Abuse of Migrants, Refugees, and Stateless Persons: The Office of the UN High Commissioner for Refugees (UNHCR) reported a few cases of police intimidation and reluctance to accept requests for asylum.
Authorities often detained irregular migrants who entered the country, mostly at the country’s southern border with Greece; most of those who did not request asylum were deported to Greece within 24 hours. Migrants detained further inland could spend several weeks at the Karrec closed migrant detention facility awaiting deportation. UNHCR reported that conditions at the Karrec center were unsuitable, particularly for families and children. The government made efforts to avoid sending children there, placing them instead in the open migrant facility in Babrru. Karrec and Babrru centers faced funding constraints.
The government cooperated with UNHCR and other humanitarian organizations in providing protection and assistance to refugees, returning refugees, asylum seekers, stateless persons, and other persons of concern. Police allowed UNHCR, the Office of the Ombudsman, and the NGO Caritas to monitor the processing, detention, and deportation of some migrants.
Access to Asylum: The law provides for granting asylum or refugee status, and the government has established a system for providing protection to refugees.

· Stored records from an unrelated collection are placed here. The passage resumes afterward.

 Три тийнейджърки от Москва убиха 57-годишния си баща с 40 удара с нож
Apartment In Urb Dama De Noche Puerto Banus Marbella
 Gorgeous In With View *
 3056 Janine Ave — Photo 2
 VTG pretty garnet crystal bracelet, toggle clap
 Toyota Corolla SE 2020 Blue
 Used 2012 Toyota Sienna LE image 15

There were credible reports from NGOs, migrants, and asylum seekers that authorities did not follow due process procedures for some asylum seekers and that in other cases those seeking asylum did not have access to the social care and other services due to limited issuance of identification cards. UNHCR, Caritas, and the Office of the Ombudsman were critical of the government’s migrant screening and detention procedures. There were reports of border police pushing migrants back into Greece.
The law on asylum requires authorities to grant or deny asylum within 51 days of an applicant’s initial request. Under the law, asylum seekers cannot face criminal charges of illegal entry if they contact authorities within 10 days of their arrival in the country. UNHCR reported that the asylum system lacked effective monitoring.

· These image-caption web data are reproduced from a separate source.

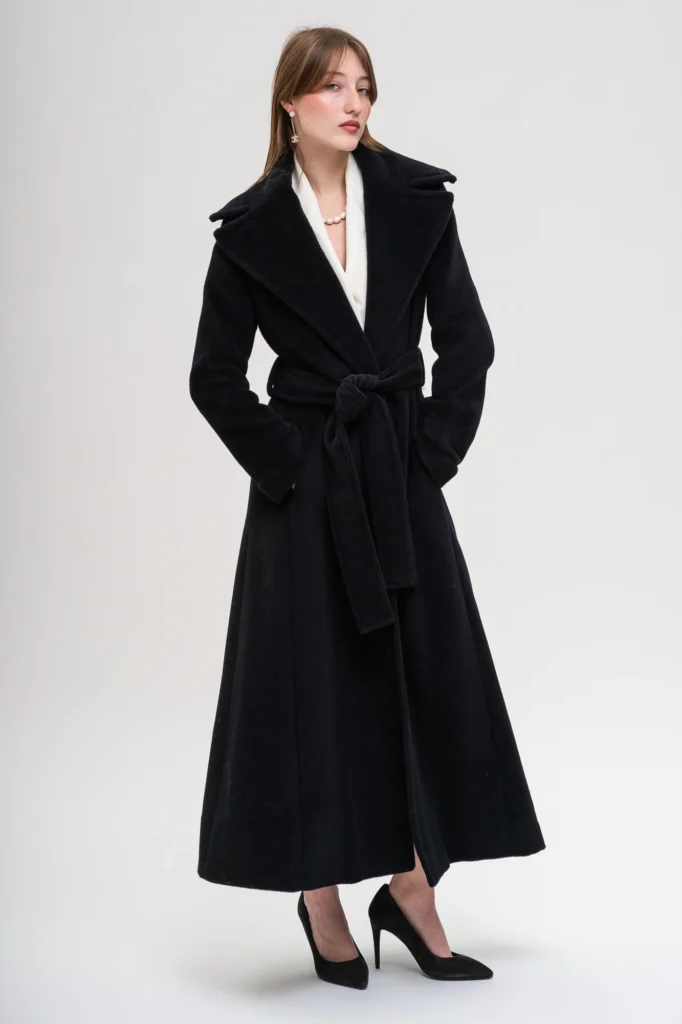 Incantevole Milano Fall Winter 2026–2027 – black belted coat with wide lapels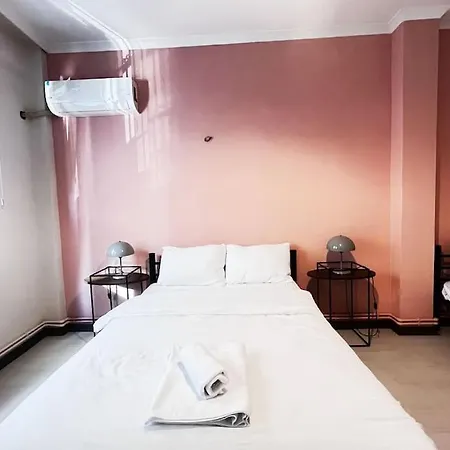 Wonder Karakoey 2 - Ultra Luxury, 4br, 2ba Sea View Karakoey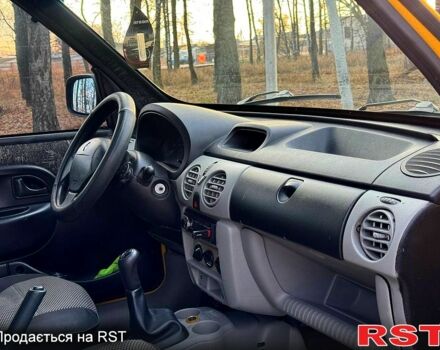 Желтый Рено Кенгу, объемом двигателя 15 л и пробегом 230 тыс. км за 4750 $, фото 9 на Automoto.ua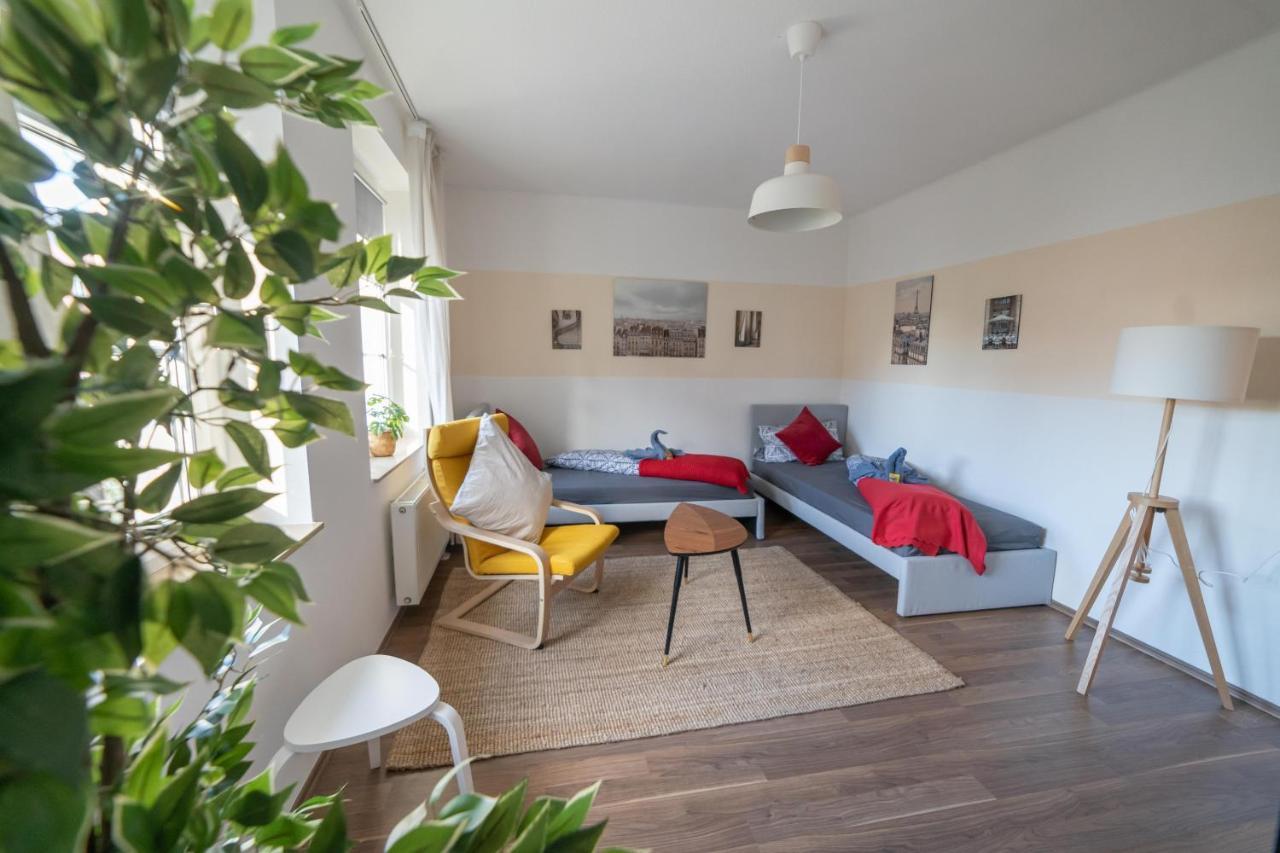 شقة Fullhouse - Zwickau - L12 - 2 Single Beds - Nespresso - Smarttv المظهر الخارجي الصورة
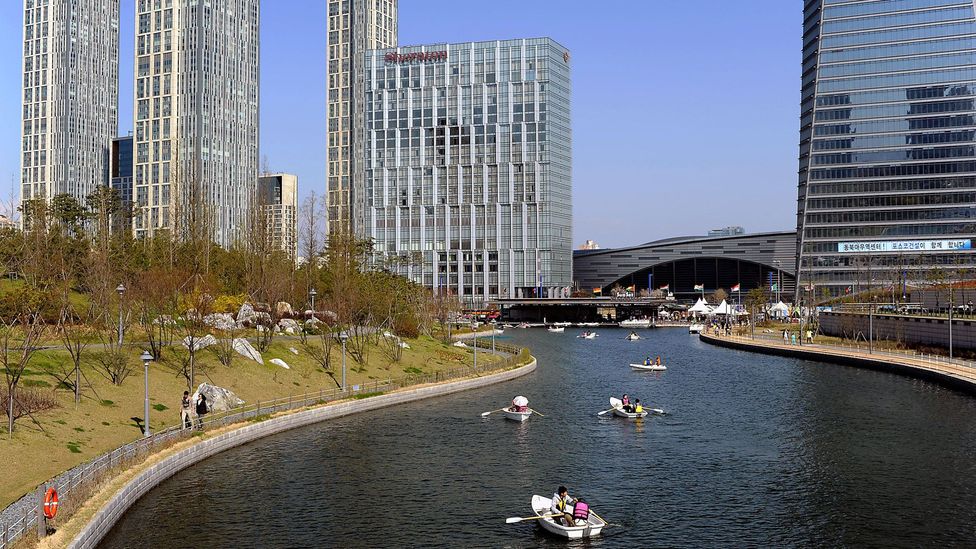The first phase of construction on the new Songdo International Business District was completed in just five years (Credit: Sueddeutsche Zeitung Photo/Alamy)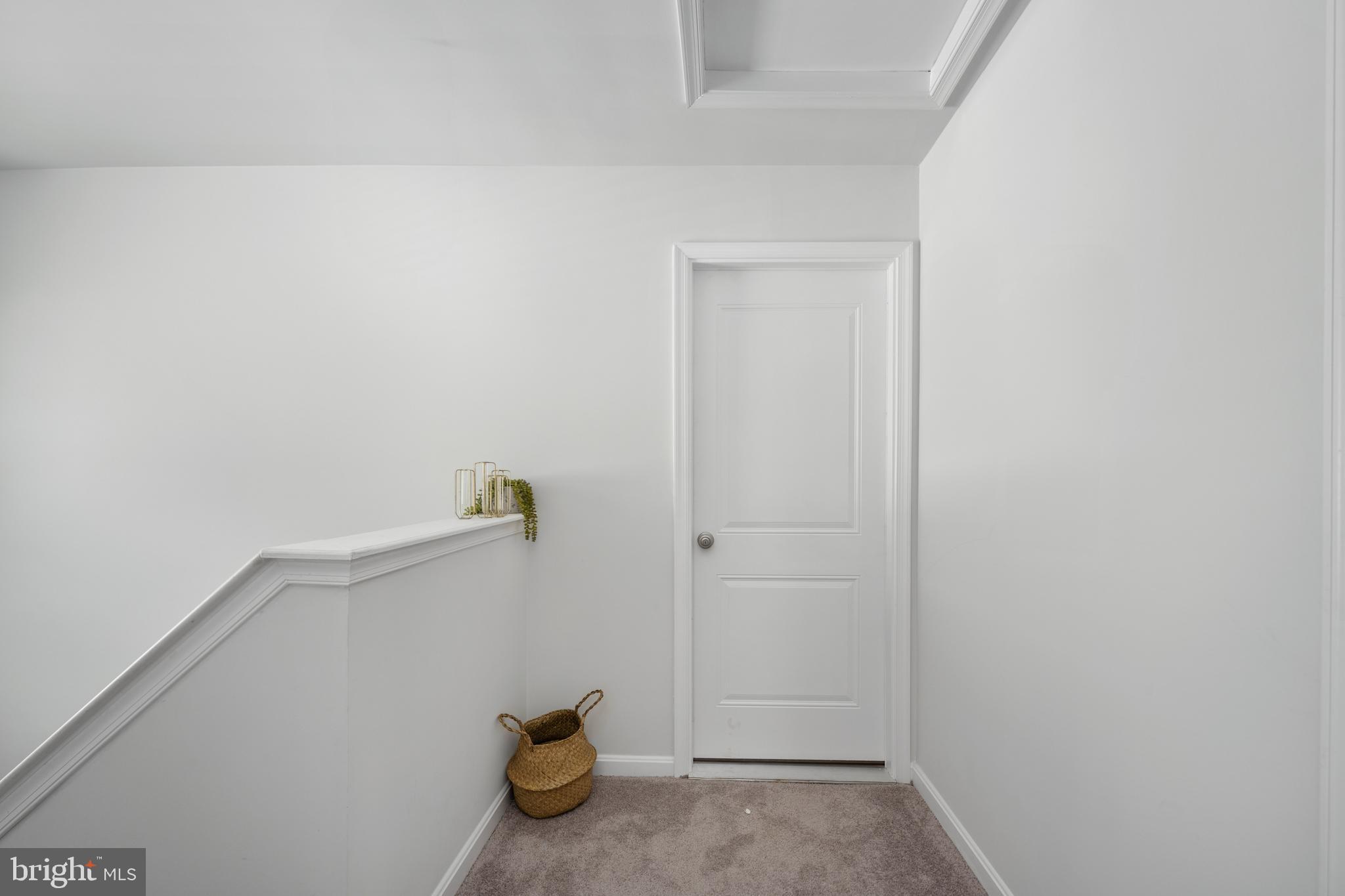 LADYSMITH VILLAGE - Residential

Safe Country of Origin/Transit: The law prohibits individuals from safe countries of origin or transit from applying for asylum or refugee status. UNHCR reported, however, that no asylum requests had been refused based on the government’s list of safe countries, which included Greece.
Employment: While the law permits refugees to work, the limited issuance of refugee identification cards and work permits meant that few refugees had employment opportunities.
Access to Basic Services: The law provides refugees access to public services, including education, health care, housing, law enforcement, courts and judicial procedures, and legal assistance.
According to UNHCR statistics there were 1,031 persons in the country under the agency’s statelessness mandate at the end of 2018. The government does not have reliable data regarding the total number of stateless persons or persons at risk of statelessness in the country. State Police reported one stateless woman in the Karrec closed migrant detention facility. The law allows stateless persons to acquire Albanian citizenship under certain conditions, although there is no separate legislation that specifically addresses providing an opportunity for stateless persons to acquire citizenship.